For the Western blotting of surface biotinylation/internalization experiments, the optical density of each immunoreactive band was determined. Levels of β-actin were compared to ensure uniformity in protein loading for each experiment. Immunoreactive ERα was normalized to β-actin for each sample and multiplied by 100 to obtain the percentage of protein ratio. Results are presented as SEM of at least four trials. The ratios were then compared with the 0 min time point as described below. For the Ca2+ imaging experiments, data are presented as mean ± SEM in relative fluorescent units (RFU). The change in relative Ca2+ fluorescence (ΔF Ca2+) was calculated as the difference between baseline fluorescence and peak response to drug stimulation.
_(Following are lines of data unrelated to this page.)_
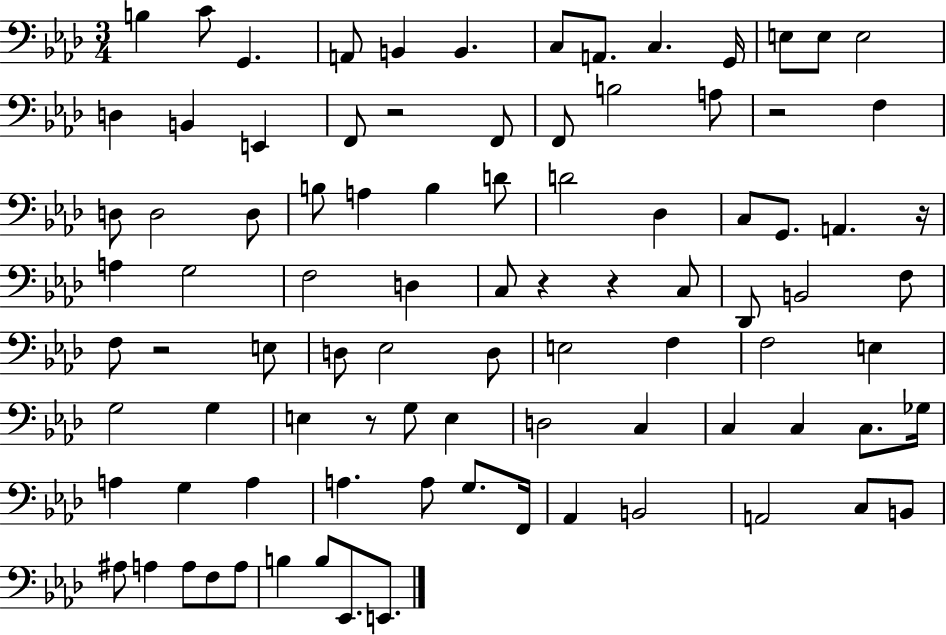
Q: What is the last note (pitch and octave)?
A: E2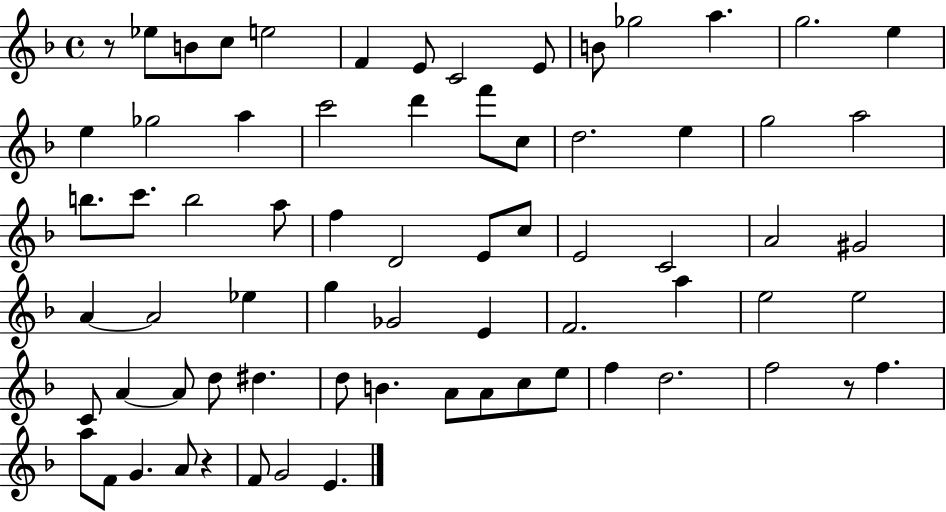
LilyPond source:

{
  \clef treble
  \time 4/4
  \defaultTimeSignature
  \key f \major
  \repeat volta 2 { r8 ees''8 b'8 c''8 e''2 | f'4 e'8 c'2 e'8 | b'8 ges''2 a''4. | g''2. e''4 | \break e''4 ges''2 a''4 | c'''2 d'''4 f'''8 c''8 | d''2. e''4 | g''2 a''2 | \break b''8. c'''8. b''2 a''8 | f''4 d'2 e'8 c''8 | e'2 c'2 | a'2 gis'2 | \break a'4~~ a'2 ees''4 | g''4 ges'2 e'4 | f'2. a''4 | e''2 e''2 | \break c'8 a'4~~ a'8 d''8 dis''4. | d''8 b'4. a'8 a'8 c''8 e''8 | f''4 d''2. | f''2 r8 f''4. | \break a''8 f'8 g'4. a'8 r4 | f'8 g'2 e'4. | } \bar "|."
}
For all experimental results, statistical comparisons were performed with one-way ANOVA with the Student-Newman-Keuls post hoc test using SigmaStat 3.5 (Systat Software). For all experiments, differences at the p < 0.05 level were considered significant.

Results

Surface biotinylation

To determine whether ERα is associated with the plasma membrane (Chaban et al., 2004) and regulated at the cell membrane by estradiol, astrocytes were surface biotinylated. With the C1355 ERα antibody, which is directed toward the COOH terminal, two ERα-immunoreactive bands were observed: a major band at 52 kDa seen after a 2 min exposure and a lower-intensity band at 66 kDa seen after a 2 h exposure to film (Fig. 1). Both bands were also observed with MC-20, ab3574, and H-184 antibodies directed against the COOH and NH2 terminals of ERα. Immunostaining for LIMK1, a cytoplasmic protein, was negative and verified the purity of the biotinylated sample. Antibodies directed against GPR30 were used to determine whether this putative membrane estradiol-binding protein was present in the membrane and could be surface biotinylated. However, no GPR30-immunoreactive bands were identified (Fig. 1A).

Figure 1.

Figure 1.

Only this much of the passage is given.